Communication

L'homme n'est pas le centre du monde

 

Espaces naturels n°61 - janvier 2018

Le Dossier

Françoise Serre-Collet, chargée de médiation scientifique Reptiles et Amphibiens, Muséum national d'histoire naturelle, serrecollet@mnhn.fr

Comment lutter contre des croyances telles que les couleuvres têteuses de vaches ou aller à l’encontre de cette rumeur qui prétend que les écologistes ont balancé des caisses de vipères par hélicoptères pour repeupler certaines régions ? Certains en sont persuadés, d’ailleurs c’est vrai, puisque la cousine de l’arrière-grand-père de la tante l’a vu !

Éclosion d'une Couleuvre à collier. © Françoise Serre-Collet, MNHN

Éclosion d'une Couleuvre à collier. © Françoise Serre-Collet, MNHN

Comment, en tant que scientifique, réagir vis-à-vis de toutes ces convictions qui nous paraissent des inepties, comment leur tordre le cou afin d’amener l’humain sur les chemins de la connaissance scientifique ? Par la communication ! Les méthodes classiques (radio, télévision, sites web, articles, conférences, etc.) en sont les piliers, tout comme l’utilisation des collections (inertes ou vivantes). J’aimerais attirer l’attention sur un support particulièrement intéressant : la photographie, qui, grâce au numérique, s’est largement développée ces dernières années.

L’homme est avant tout un animal visuel et une photo de comportement, entre autres, permet de lever les doutes, d’expliquer. Quand on a affaire à une croyance qui veut que les vipéreaux éventrent leur mère pour sortir de son ventre ou que les femelles serpents avalent leurs petits pour les protéger, quoi de mieux qu’un bon support visuel montrant la naissance ou l’alimentation de certaines espèces. Le support photographique s’insère comme illustration dans les livres, articles, sites web comme l’INPN, les posters, les conférences ; c’est aussi l’accroche lors de manifestations comme lors des fêtes scientifiques, festivals photos ou sciences participatives comme « un dragon dans mon jardin ».

Encore faut-il que la photographie ne soit pas source de dérangement pour l’animal, qu’il soit protégé ou non… et qu’on ne se laisse pas tenter par la chasse à la coche, qui conduit nombre de photographes naturalistes à photographier un maximum d’espèces, y compris protégées, parfois pour la gloire d’un post sur Facebook...

On doit également être attentif à notre façon de parler devant un parterre de néophytes… La plupart des naturalistes parlent des animaux en utilisant le partitif : c’est « de » la Couleuvre à collier ou « du » Crapaud commun ! Certains n’y voient aucun manque de respect vis-à-vis de l’animal et pourtant, ce dernier devient du matériel biologique, de la matérialisation du vivant, du déterminisme, du commercial.

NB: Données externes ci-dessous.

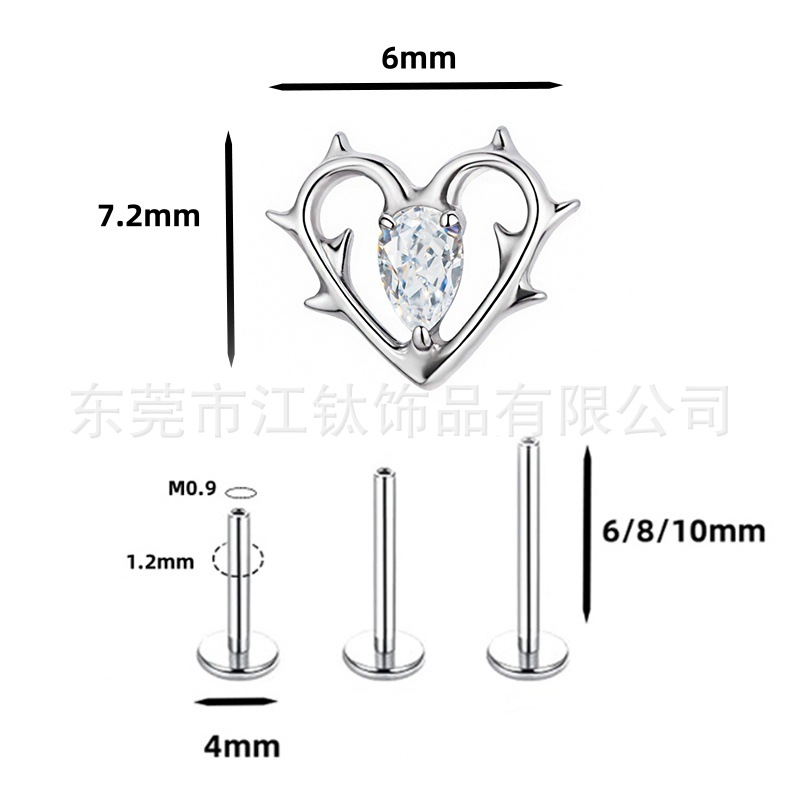 G23 Titanium Alloy Heart Zircon Ear Cartilage Stud Earring - Gold White Zircon - Image 5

L’animal perd son statut d’être vivant… ne dit-on pas « du » thon en boîte ? L’homme n’est pas le centre du monde, même si on a tendance à faire comme si… Protégeons les serpents car ils régulent les populations de rongeurs néfastes aux cultures ! Bien sûr, c’est vrai, mais la vraie question serait plutôt, qui sommes-nous pour nous donner le droit de vie ou de mort sur une espèce, quelle qu’elle soit ? La nature ne pourrait-elle rien faire sans l’intervention de l’homme ? Vaste débat. Accrocher le public, le faire venir jusqu’à soi, l’émouvoir par la beauté tout en lui présentant la réalité de la nature sont l’essence d’une bonne communication auprès du grand public.